■ Task item ■
Using the data below, restate exactly every line from the one with "Jeep Wrangler - Image 12" up to and including the one with "Apartman Krsticevic Metkovic". No picture belongs in it.

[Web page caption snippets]
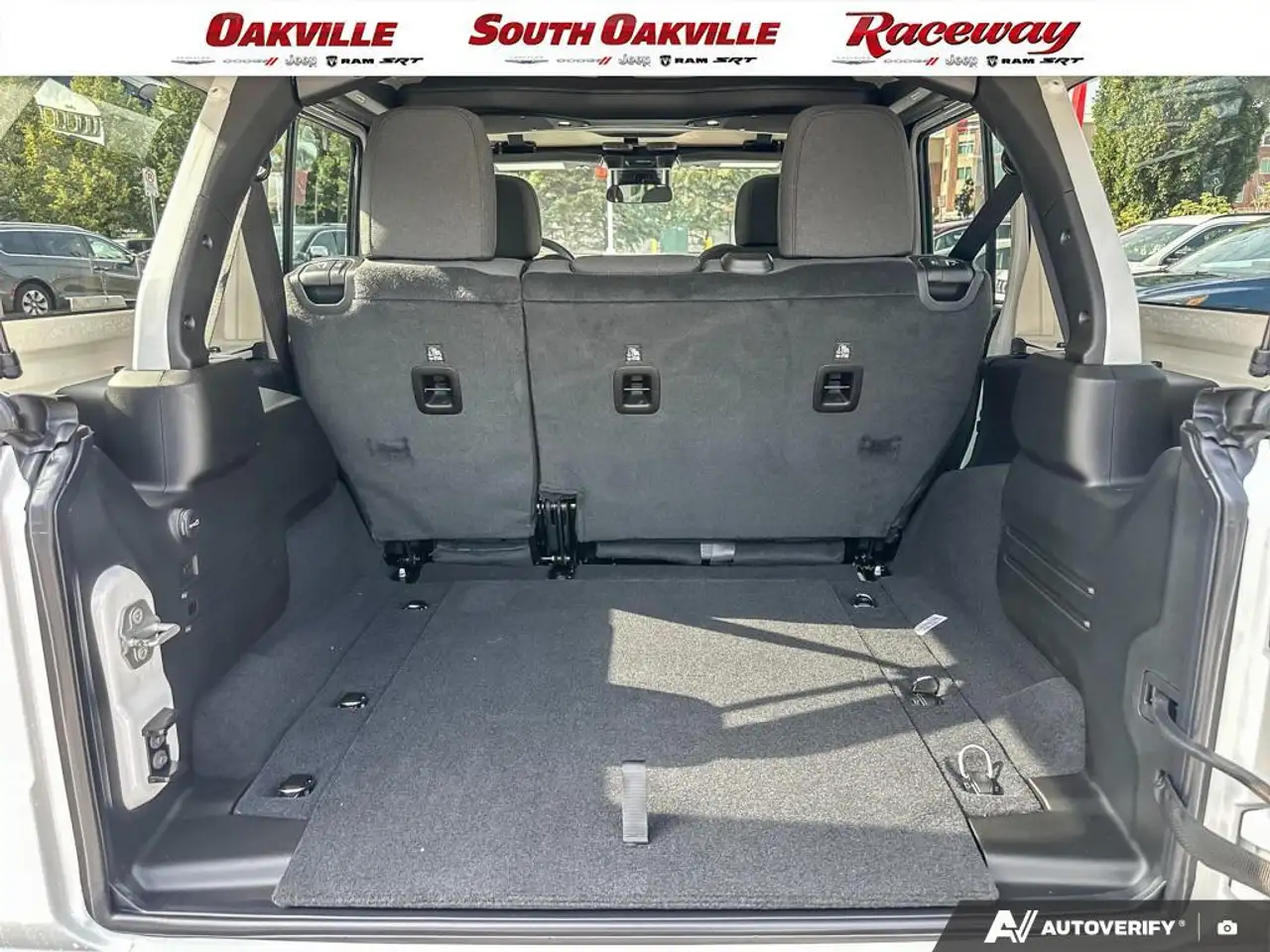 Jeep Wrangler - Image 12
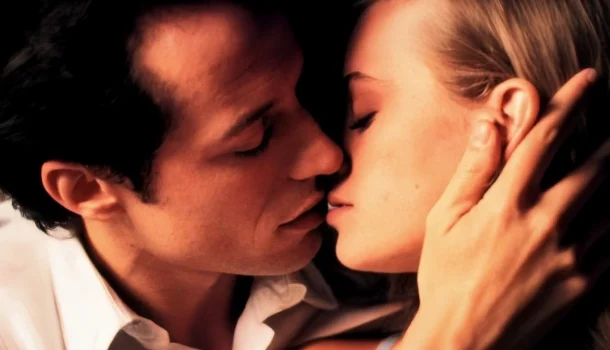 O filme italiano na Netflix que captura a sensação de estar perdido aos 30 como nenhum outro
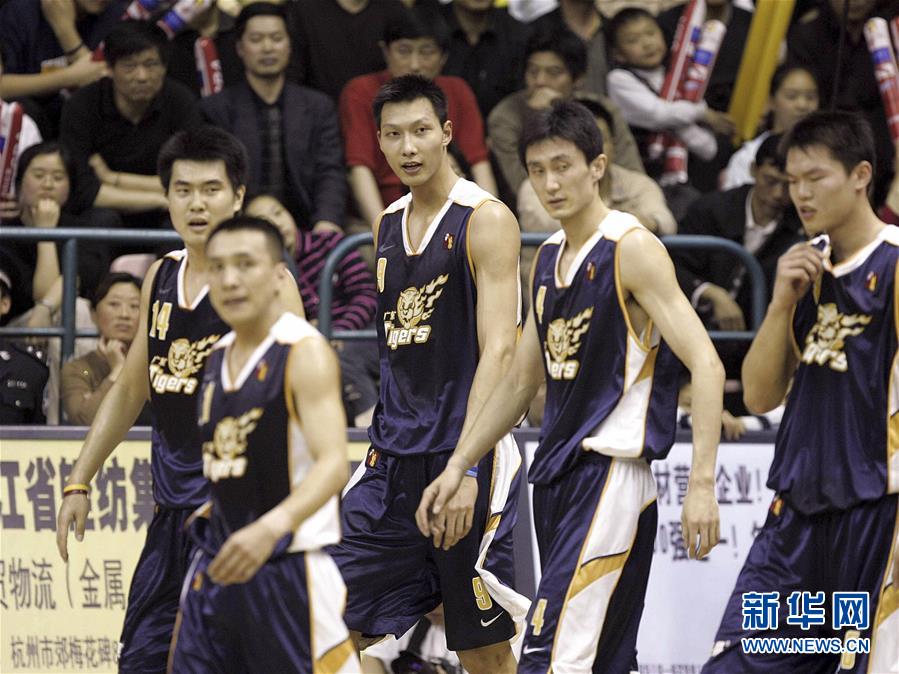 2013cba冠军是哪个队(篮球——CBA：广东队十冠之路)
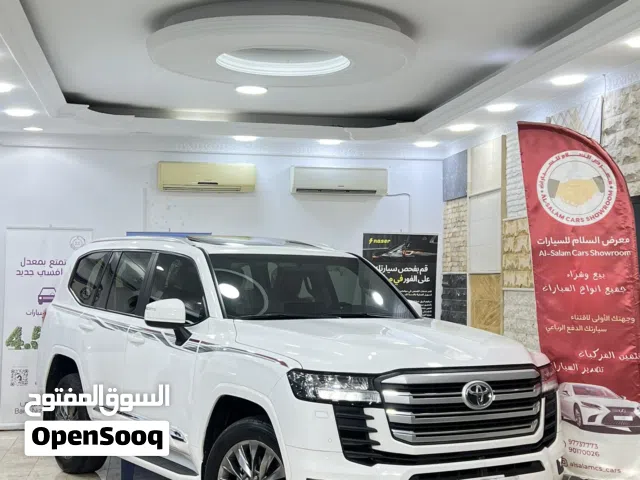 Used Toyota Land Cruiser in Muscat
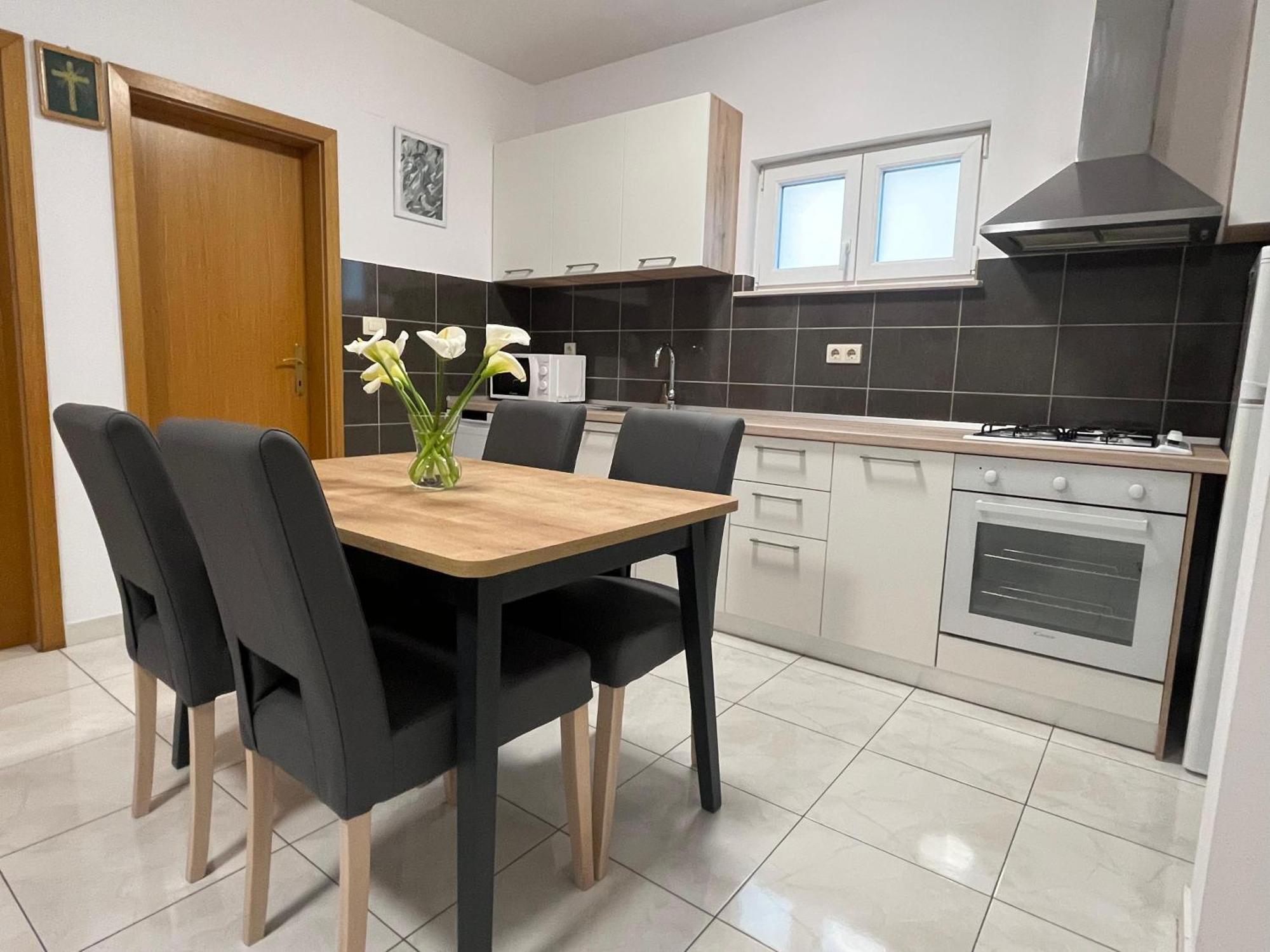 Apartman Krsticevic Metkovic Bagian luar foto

...

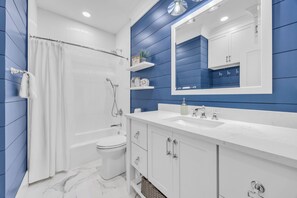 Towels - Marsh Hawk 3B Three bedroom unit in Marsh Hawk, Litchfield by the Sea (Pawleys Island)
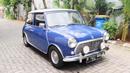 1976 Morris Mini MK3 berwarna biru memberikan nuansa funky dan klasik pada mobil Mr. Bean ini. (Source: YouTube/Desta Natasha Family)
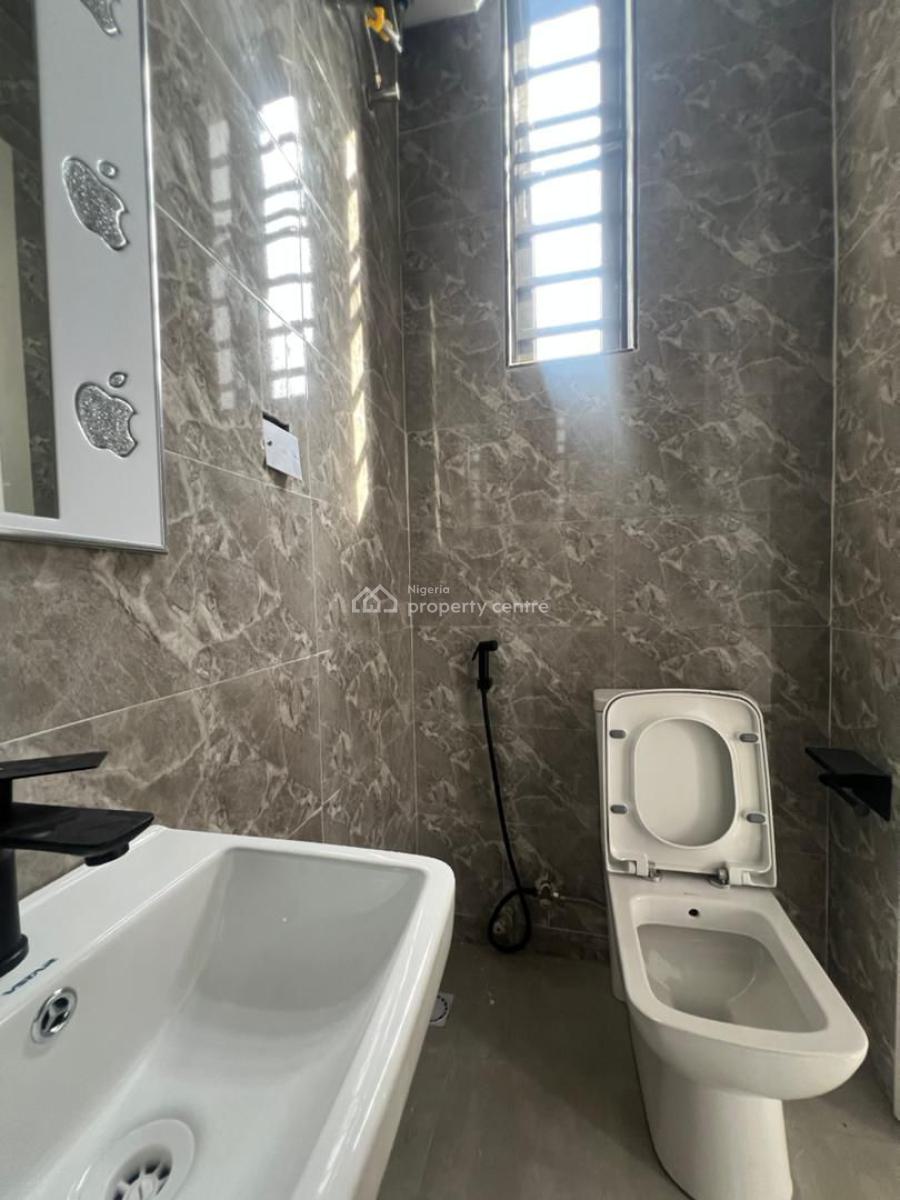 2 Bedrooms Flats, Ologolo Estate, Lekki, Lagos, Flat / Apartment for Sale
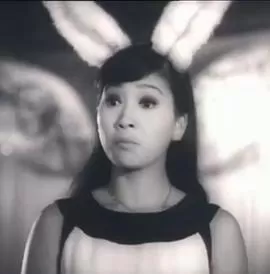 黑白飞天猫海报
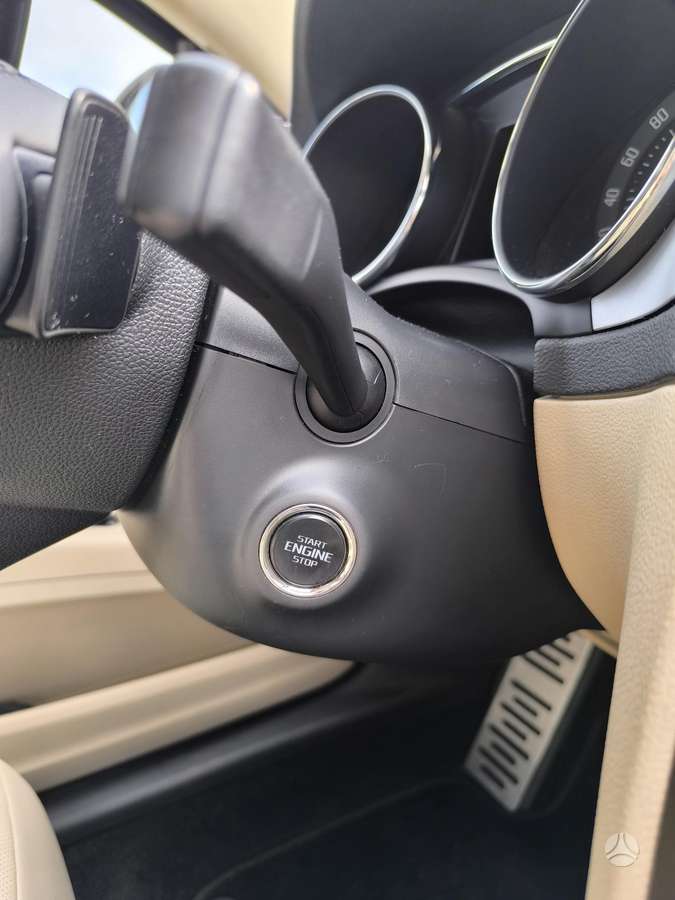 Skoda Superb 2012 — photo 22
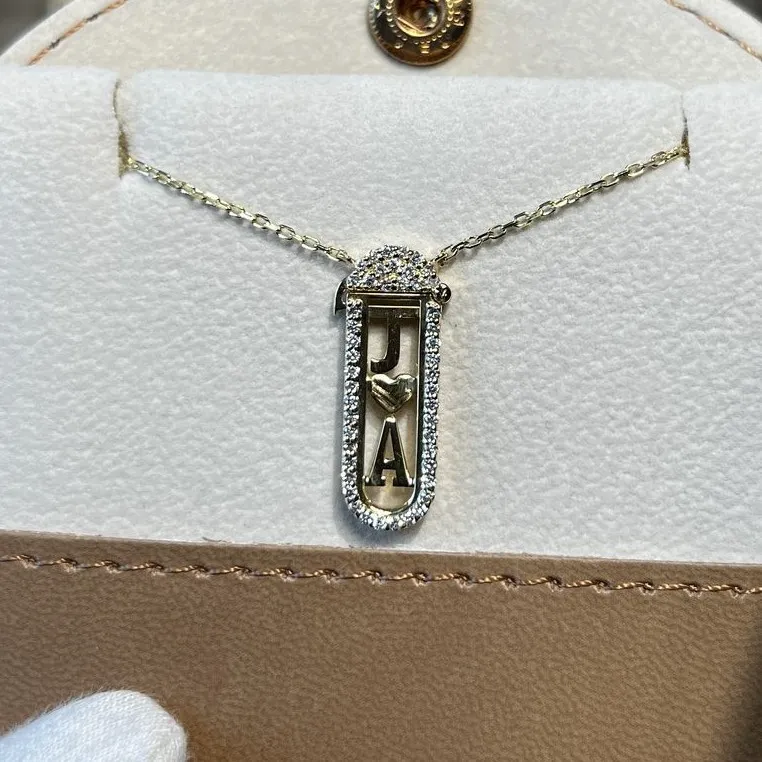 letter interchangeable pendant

■ Task response ■
 Jeep Wrangler - Image 12
 O filme italiano na Netflix que captura a sensação de estar perdido aos 30 como nenhum outro
 2013cba冠军是哪个队(篮球——CBA：广东队十冠之路)
 Used Toyota Land Cruiser in Muscat
 Apartman Krsticevic Metkovic Bagian luar foto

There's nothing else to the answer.